This github repository contains the source code of the AutoACU package for automatic summarization evaluation.
AutoACU contains two types of automatic evaluation metrics:
- A2CU: a two-step automatic evaluation metric that first extracts atomic content units (ACUs) from one text sequence and then evaluates the extracted ACUs against another text sequence.
- A3CU: an accelerated version of A2CU that directly computes the similarity between two text sequences without extracting ACUs, but with the similar evaluation target.
You can install AutoACU using pip:
pip install autoacu
or clone the repository and install it manually:
git clone https://github.com/Yale-LILY/AutoACU
cd AutoACU
pip install .
The necessary dependencies include PyTorch and HuggingFace's Transformers.
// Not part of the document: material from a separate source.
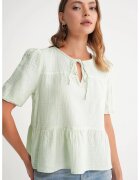Mixray Bluza dama HiCCUP - muselina texturata - decolteu rotund - verde salvie - bumbac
With the usage of the T5 Tokenizer in the Transformers class you will also need to have the SentencePiece package installed as well. It should be compatible with any of the recent versions of PyTorch and Transformers. However, to make sure that the dependencies are compatible, you may run the following command:
pip install autoacu[stable]
You may also use the metrics directly without installing the package by importing the metric classes in autoacu/a2cu.py
and autoacu/a3cu.py
.
The model checkpoints for A2CU and A3CU are available on the HuggingFace model hub.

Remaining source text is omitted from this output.